My home is my castle.
It is my museum, my space ship, my college, and my music hall. Everything I need to be taken care of, entertained, educated, and enlightened is in my home. It’s not about being palatial or grand, large or expensive. It’s about being a sanctuary for all that I value, including a safe place for my precious pet.
My thoughts of home are visceral. It’s funny how such a small word conjures massive imagery in my mind. I’ve never taken the place I always return to for granted. It doesn’t matter whether it’s a rental or a home I owned; it has always been my refuge of safety and comfort.
Now think of your home.
Home – no, I don’t mean that place where you pay bills and take out the garbage. I mean the place that gives you the most delicious feeling of love and well-being. I’m sure you have experienced the joy of being at home, or returning to that place that melts away all that ails you. For me, it’s “The crap can wait. I’m home now.”
Close your eyes and think of the feeling you get, after a day or two away – perhaps more – when you open the front door to your abode. You’re greeted with a familiarity that cannot be fully created at any hotel, relative or friend’s house, camp, cabin, or castle.
Your home belongs to you: the sweet smell of you and yours (including fur babies) rising from a well-worn couch mixed with the lingering tanginess of last night’s BBQ, the plants or books or antiques and artifacts that you lovingly use to decorate your space, the mess or tidiness that describes it. All of this is lovingly you, even if you share it with others.
From homelessness to destroyed dreams.
I’ve been thinking more about my home as others in my community are not as fortunate to have this a basic need met. Like other cities, our homeless population is large and growing, while aid resources are practically non-existent. I wish there was a clear answer to solve this problem not only in my town but across our country.
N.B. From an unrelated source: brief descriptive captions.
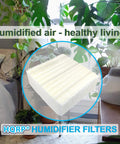 2 Pack Wick Filter Replacement For Essick Air AIRCARE Bemis 1043 on table with plants in bedroom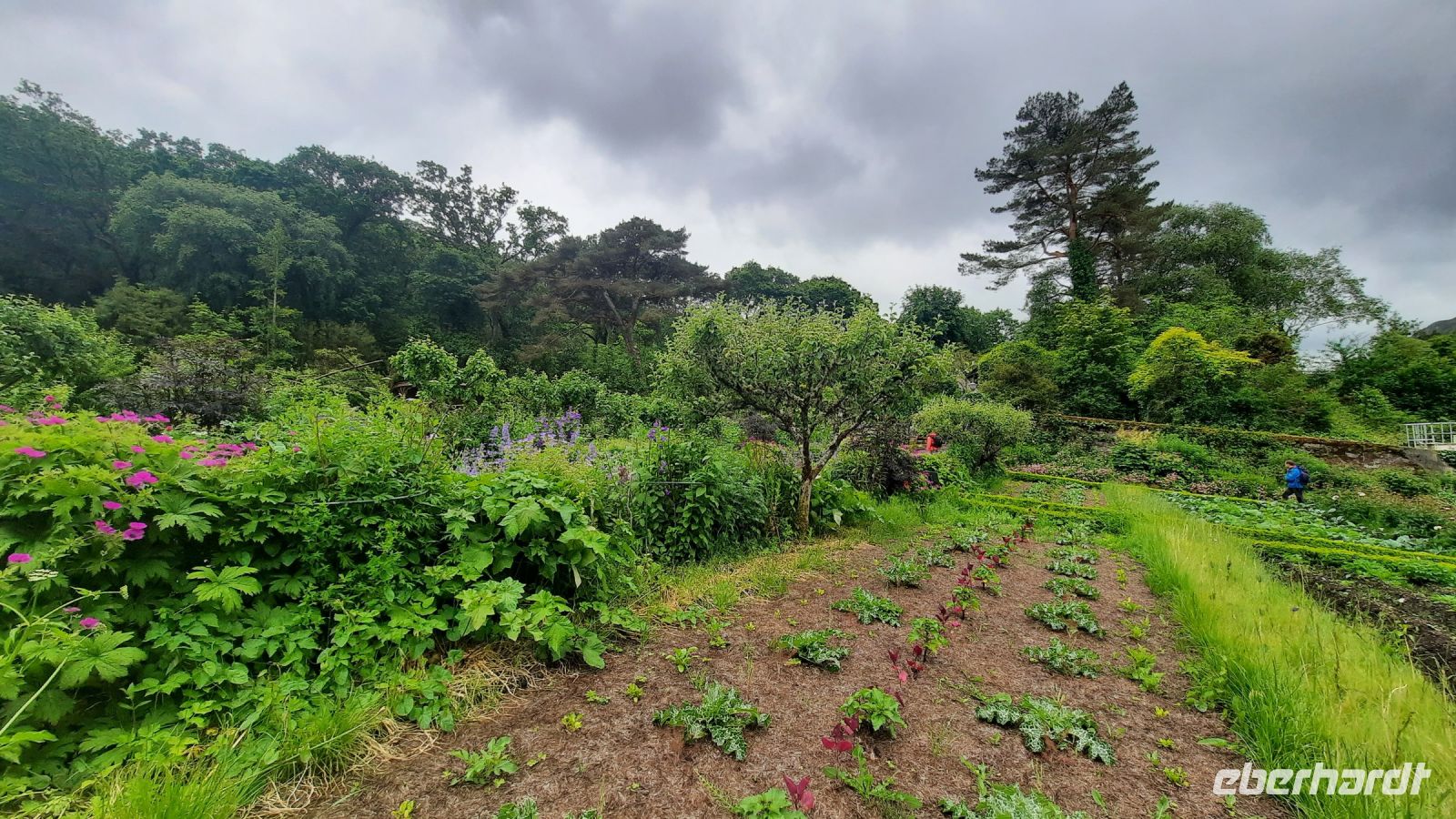 024 – Irland, Glenveagh Nationalpark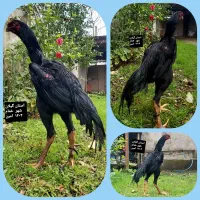 تخم مرغ لاری اصل|حیوانات مزرعه|خمام, |دیوار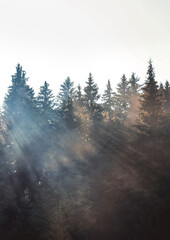 Pine forest with clouds fog surrounding it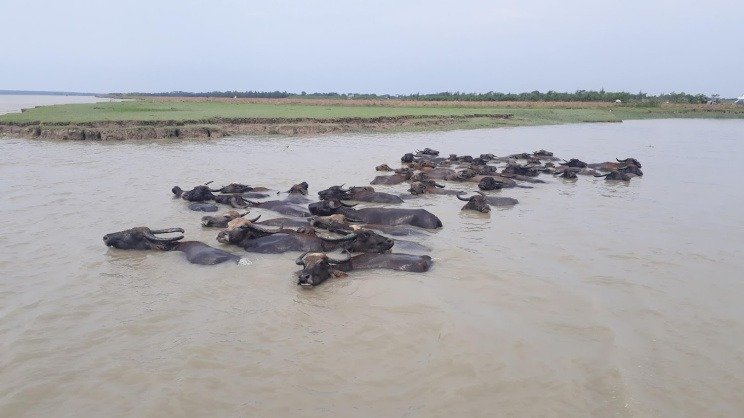 রাঙ্গাবালীর সোনারচর অভয়ারণ্যে বুনো মহিষ শিকার ও পাচার রোধে হিমশিম বন বিভাগ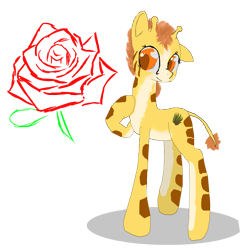 Size: 3590x3733 | Tagged: safe, artist:owlvortex, oc, oc only, giraffe, askyoungzecora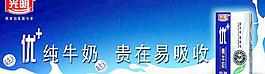 光明牛奶圖片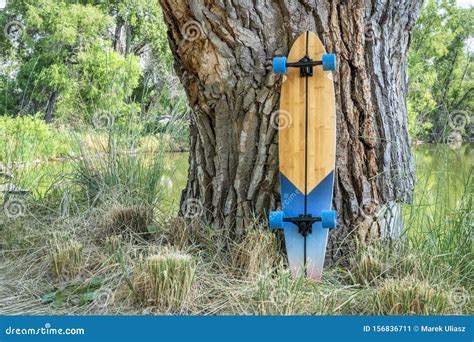 Cruising Wooden Longboard Stock Image Image Of Outdoor 156836711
You don’t have to go far in our wine country town to see burned homes — whole neighborhoods, nearly 5,000 structures. Now, ten months after the fires, a precious few are being rebuilt. I can’t imagine how the idea of home has been irretrievably modified for these people. Many older homeowners moved away after the fires, not feeling that at their age they had enough years to rebuild and replant landscaping.
Perhaps it is these fires that has brought the true value of home to the forefront for me. I never took the place I live in for granted, but I sure as heck feel fortunate now to have a little place of my own to cradle my life.